**The input**.
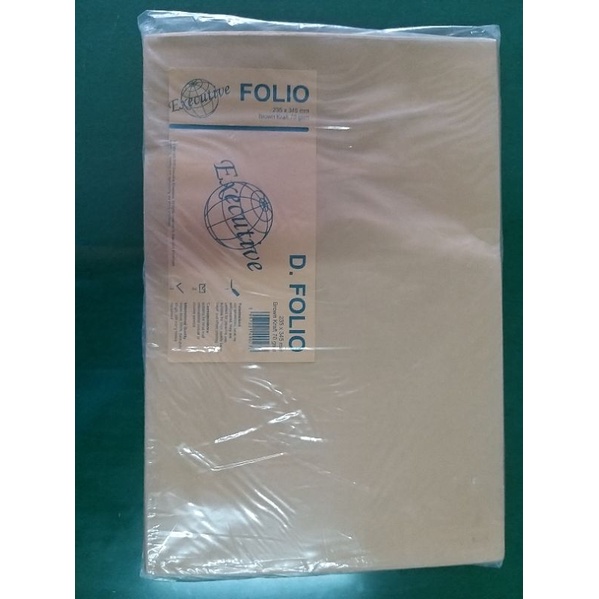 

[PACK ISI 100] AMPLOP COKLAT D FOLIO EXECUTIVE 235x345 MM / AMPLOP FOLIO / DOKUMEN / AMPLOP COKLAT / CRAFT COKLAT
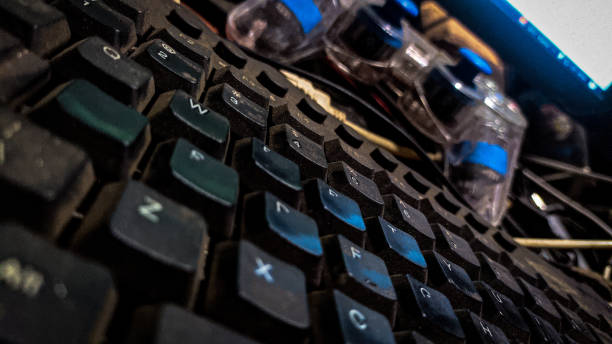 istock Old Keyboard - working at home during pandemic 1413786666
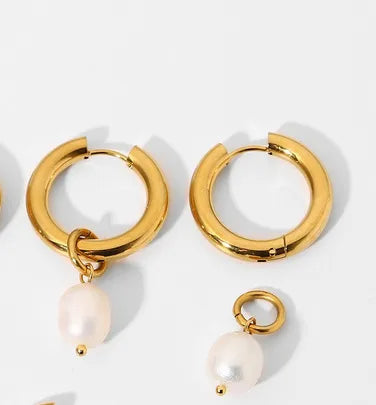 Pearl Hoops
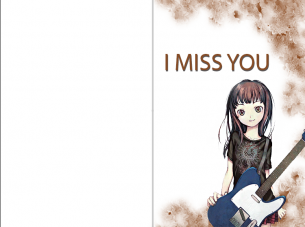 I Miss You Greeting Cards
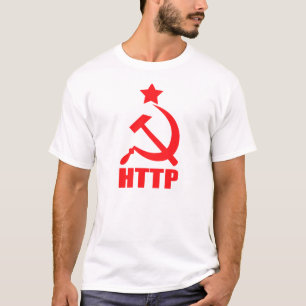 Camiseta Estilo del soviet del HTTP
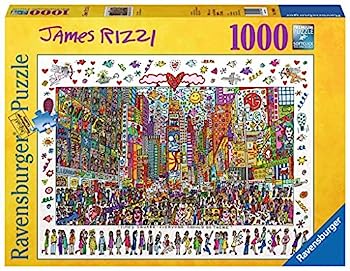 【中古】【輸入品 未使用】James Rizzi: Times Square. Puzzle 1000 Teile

---

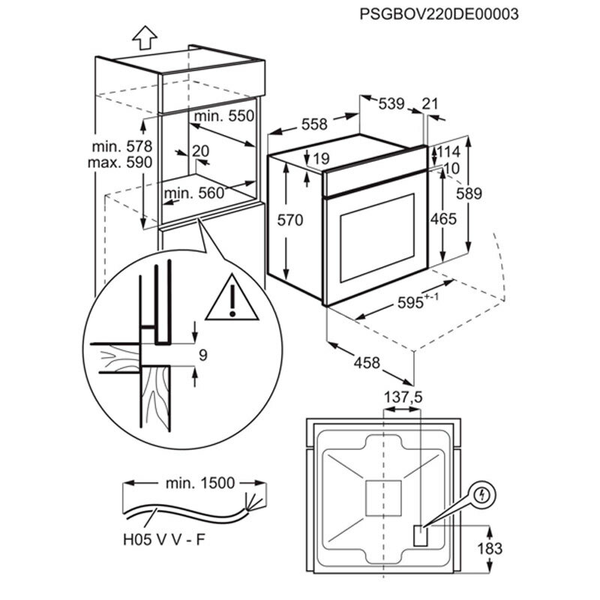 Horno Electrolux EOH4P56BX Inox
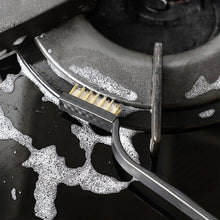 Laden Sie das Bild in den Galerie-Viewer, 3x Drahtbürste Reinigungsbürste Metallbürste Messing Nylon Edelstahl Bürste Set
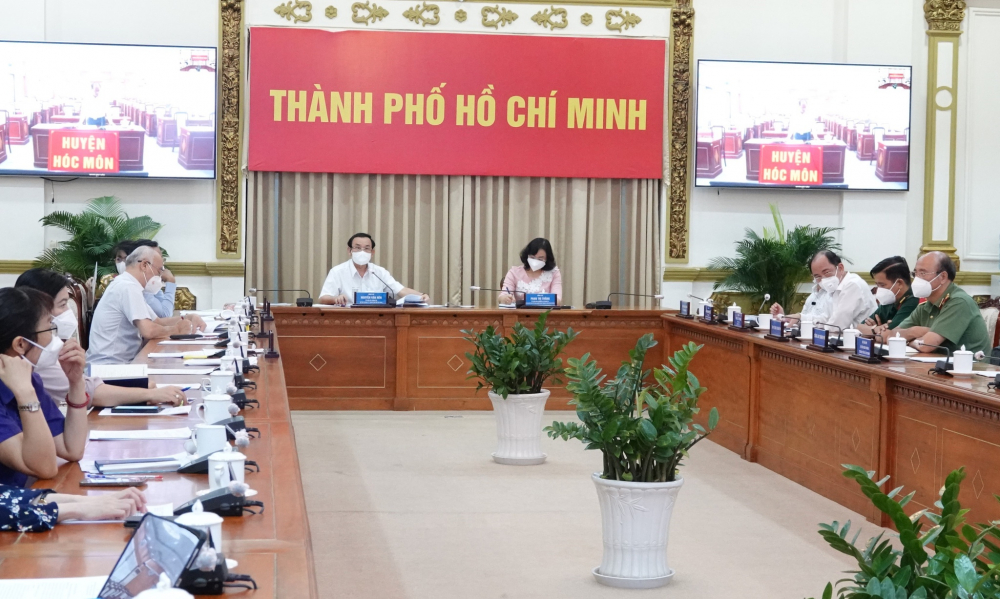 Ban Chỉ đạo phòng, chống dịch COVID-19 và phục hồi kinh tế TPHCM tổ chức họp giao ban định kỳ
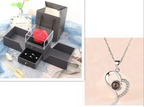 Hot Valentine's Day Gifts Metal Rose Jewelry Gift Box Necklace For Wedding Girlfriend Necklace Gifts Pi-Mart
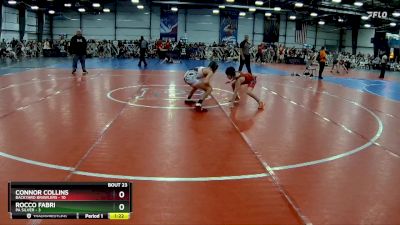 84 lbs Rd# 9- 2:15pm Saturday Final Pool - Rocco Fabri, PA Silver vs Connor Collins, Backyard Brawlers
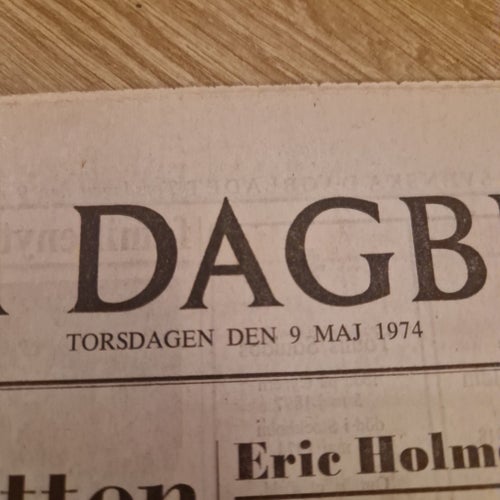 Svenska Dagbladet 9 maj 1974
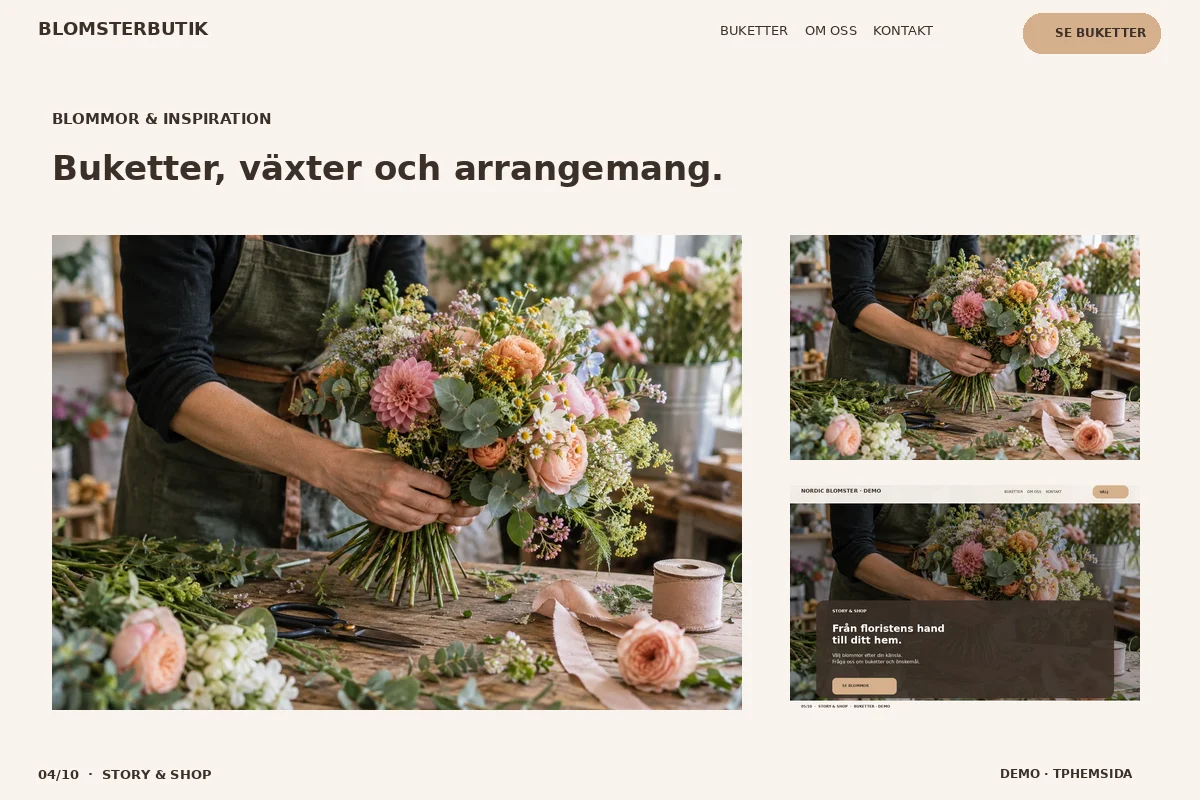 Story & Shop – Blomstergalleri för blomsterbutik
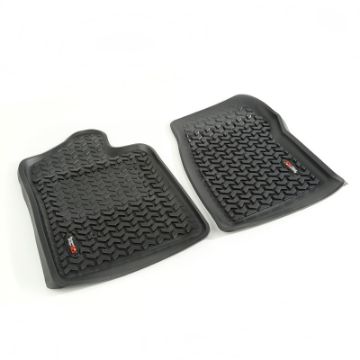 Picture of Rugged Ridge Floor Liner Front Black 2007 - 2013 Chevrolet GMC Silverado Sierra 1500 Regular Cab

**Work order**. Word for word, write out the lines above running from the one with "Pearl Hoops" up to and including the one with "Puzzle 1000 Teile". Drop any picture.

**Solution to this exercise**.
 Pearl Hoops
 I Miss You Greeting Cards
 Camiseta Estilo del soviet del HTTP
 【中古】【輸入品 未使用】James Rizzi: Times Square. Puzzle 1000 Teile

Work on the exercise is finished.